I would like the lines below, from the one with "vista aérea de" through the one with "People shop in", copied exactly and without any pictures.

→ EXTRACTED ENTRIES
-=-=-

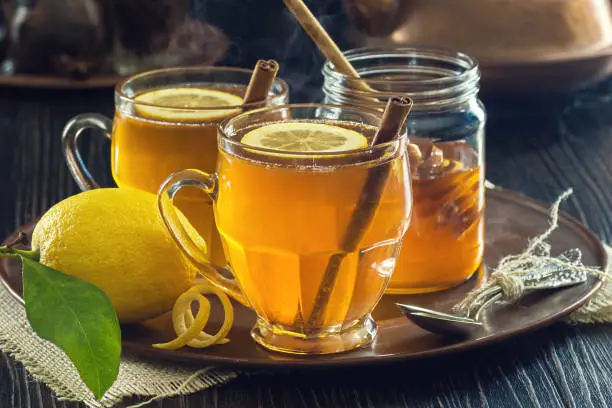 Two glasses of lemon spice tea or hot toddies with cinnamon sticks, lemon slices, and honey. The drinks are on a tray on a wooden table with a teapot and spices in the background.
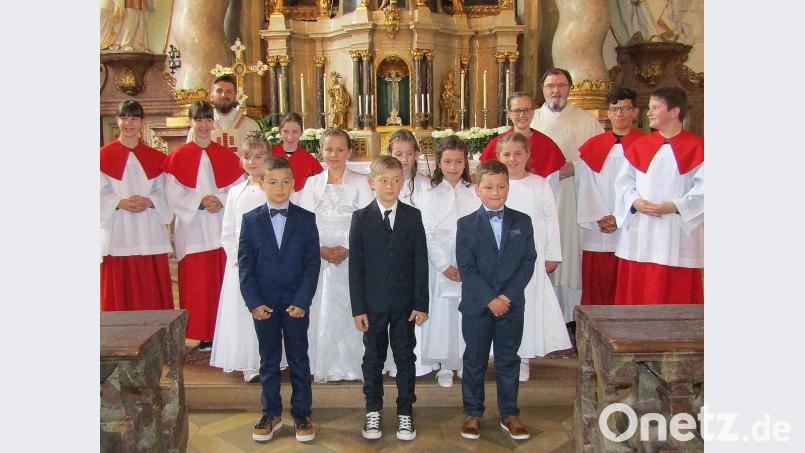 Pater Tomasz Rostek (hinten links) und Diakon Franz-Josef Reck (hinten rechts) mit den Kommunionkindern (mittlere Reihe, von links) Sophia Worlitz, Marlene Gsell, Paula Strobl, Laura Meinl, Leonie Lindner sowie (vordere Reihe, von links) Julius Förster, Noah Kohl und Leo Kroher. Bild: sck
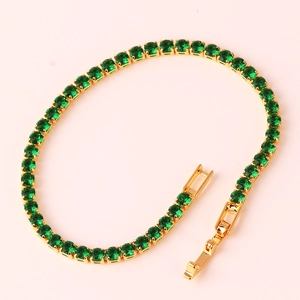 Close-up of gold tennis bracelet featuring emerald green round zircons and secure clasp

-=-=-

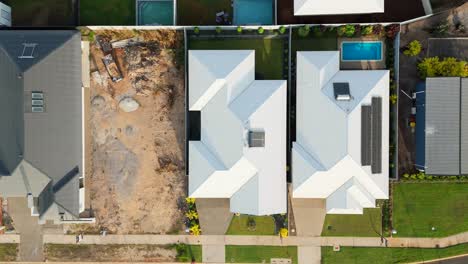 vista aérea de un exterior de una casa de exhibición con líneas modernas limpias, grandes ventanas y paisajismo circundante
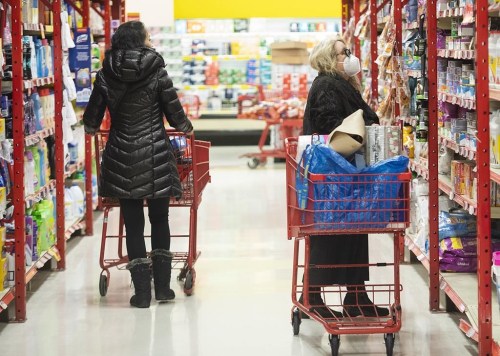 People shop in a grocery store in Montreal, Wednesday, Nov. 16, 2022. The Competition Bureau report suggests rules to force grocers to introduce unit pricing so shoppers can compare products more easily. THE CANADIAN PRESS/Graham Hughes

-=-=-

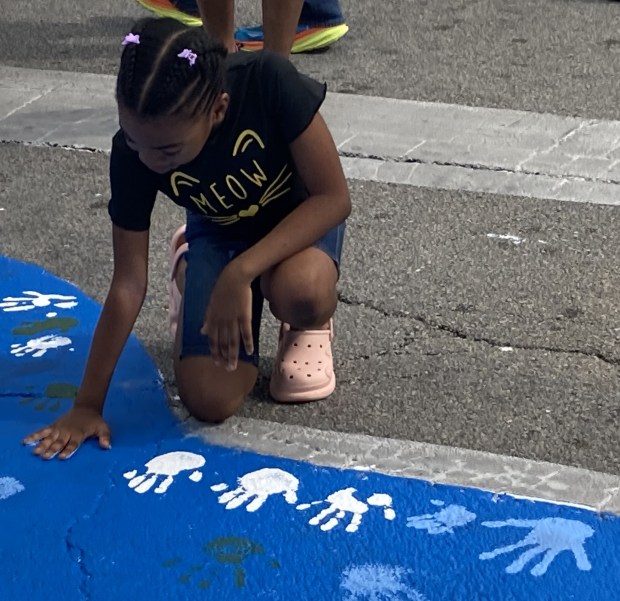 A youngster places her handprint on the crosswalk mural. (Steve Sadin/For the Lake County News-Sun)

-=-=-

→ TASK ANSWER
 vista aérea de un exterior de una casa de exhibición con líneas modernas limpias, grandes ventanas y paisajismo circundante
 People shop in a grocery store in Montreal, Wednesday, Nov. 16, 2022. The Competition Bureau report suggests rules to force grocers to introduce unit pricing so shoppers can compare products more easily. THE CANADIAN PRESS/Graham Hughes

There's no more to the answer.